# Locked rest rooms at C C Wellman's



## taxiecab (Apr 24, 2004)

At Wellman's Meadows at C C the rest rooms are still locked up and you have to use the pitts which are the pitts. Is this part of the Obama plan to cut cost. The a sign said open in April and I have been there 6 times since and they are still locked up.
We got money to add a 3 million boat docks and Marina but we can't open the rest rooms because it cost too much to clean them.
Can you tell me if any of the rest rooms are opened now at C C or any of the lakes. This is uncalled for and I would like to know what the story is.


----------



## Troy Dave (Jan 26, 2007)

The story is over 10 years of abuse by the state legislature.


----------



## catmando (Aug 21, 2006)

The queers aren't helping things out either.

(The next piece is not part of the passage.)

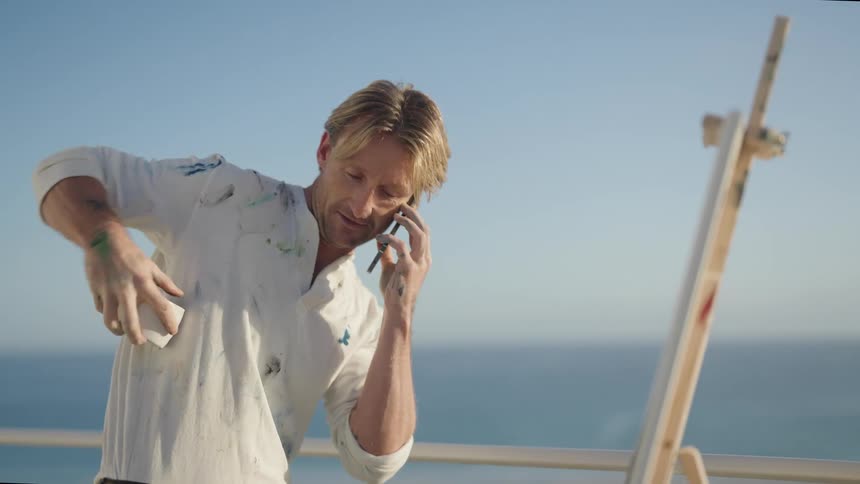 A man is talking on his cellphone and standing outdoors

posted using Outdoor Hub Campfire


----------



## IGbullshark (Aug 10, 2012)

i was there about three weeks ago and it was open. the next day i went and there were people working on renovating it or something of that nature, and they said the restroom was closed. thats all i know.


----------



## ROCKS (Apr 5, 2008)

Restrooms are open at the north pool ramp


----------



## Mason52 (Aug 21, 2009)

ROCKS said:


> Restrooms are open at the north pool ramp


Yep Rest room is open but they can't put a light bulb in at the ramp. It's been out for years, pretty sure the dock fisherman knock them out..


----------



## Legend killer (Apr 20, 2011)

Mason52 said:


> Yep Rest room is open but they can't put a light bulb in at the ramp. It's been out for years, pretty sure the dock fisherman knock them out..


Which they are fishing illegaly anyways.


----------



## catmando (Aug 21, 2006)

Mason52 said:


> Yep Rest room is open but they can't put a light bulb in at the ramp. It's been out for years, pretty sure the dock fisherman knock them out..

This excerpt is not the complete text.